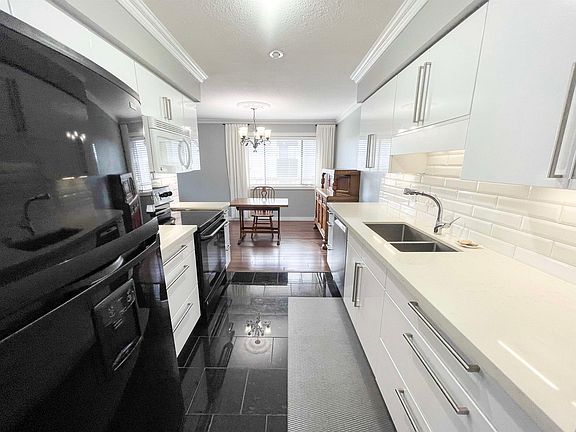 3rd image of 32055 Old Yale Rd #212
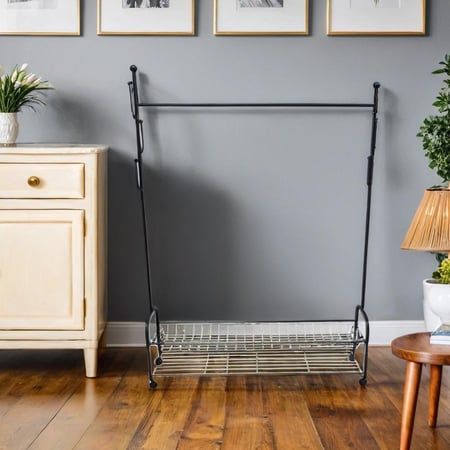 علاقة ملابس استاند اسود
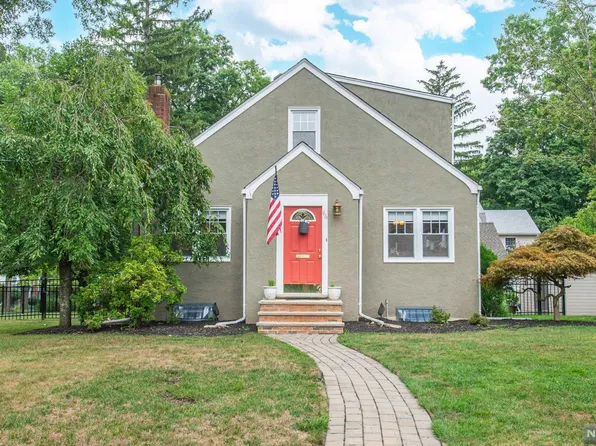 86 Fuhrman Ave, Ramsey, NJ 07446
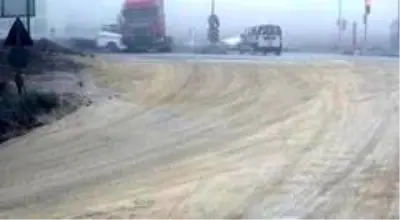 Kırmızı ışıkta geçen kamyonet tıra böyle çarptı: 2 yaralı Kırmızı ışıkta geçen kamyonet tıra böyle çarptı: 2 yaralı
◇ ◇ ◇
◆ **Work instruction**: Write the data above out again exactly, every line of it, and exclude the pictures.

◆ **Your response**:
 3rd image of 32055 Old Yale Rd #212
 علاقة ملابس استاند اسود
 86 Fuhrman Ave, Ramsey, NJ 07446
 Kırmızı ışıkta geçen kamyonet tıra böyle çarptı: 2 yaralı Kırmızı ışıkta geçen kamyonet tıra böyle çarptı: 2 yaralı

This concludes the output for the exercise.